Requirements as they Grow
 
When your chicks get to around 5-8 weeks old they can start spending time outside (if its warm). Make sure they have a warm secure hutch or coop. One that has a warm hiding area and also a spot where they can enjoy the sun is perfect! They will also appreciate somewhere to jump on and roost. A thin broom handle (a piece or doweling) across the hutch about 15 cm off the ground works well. You may also like to put this in their brooder, so they can learn early.
 
 
Points to Remember                                          
 
 
  • Regularly check water and food and change as required.
  • Check your chicks are warm enough and their house is clean.
  • Handle and spend time with your chicks.
 
Remember you chicks are like babies and will need lots of rest.
 
 
 
Judging
 
 
Tips for success
 
  • The child should always feed the chicks, mum or dad can assist younger children if needed. It is important to ensure they are warm enough.
  • Give your chick treats when training it. Some good treats are cat food, boiled egg or mince.
  • Spend lots of time with your chick so you build a bond and it will come when called.
  • Don’t forget to take its food and water requirements with you on Ag day.

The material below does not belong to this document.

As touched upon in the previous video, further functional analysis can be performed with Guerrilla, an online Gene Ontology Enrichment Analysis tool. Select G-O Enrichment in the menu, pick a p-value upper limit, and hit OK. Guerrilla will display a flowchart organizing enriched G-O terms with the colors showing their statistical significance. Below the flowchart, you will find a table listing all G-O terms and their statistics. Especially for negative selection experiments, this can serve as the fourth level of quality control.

  • If you are required to complete a project or diary, make sure you take lots of photos from the day you get your chicken until Ag day.
  • Learn about chickens, there is lots of information at the library or on the internet. 
 
 
IF AT ANY TIME YOU HAVE ANY CONCERNS ABOUT YOUR CHICKENS HEALTH, CONTACT FRANKLIN VETS.  TOO OFTEN WE ARE CONTACTED WHEN IT IS TOO LATE. WE ARE HAPPY TO GIVE ADVICE OVER THE PHONE ON WHETHER AN ANIMAL REQUIRES TREATMENT.
 
Good luck and most important of all……. enjoy.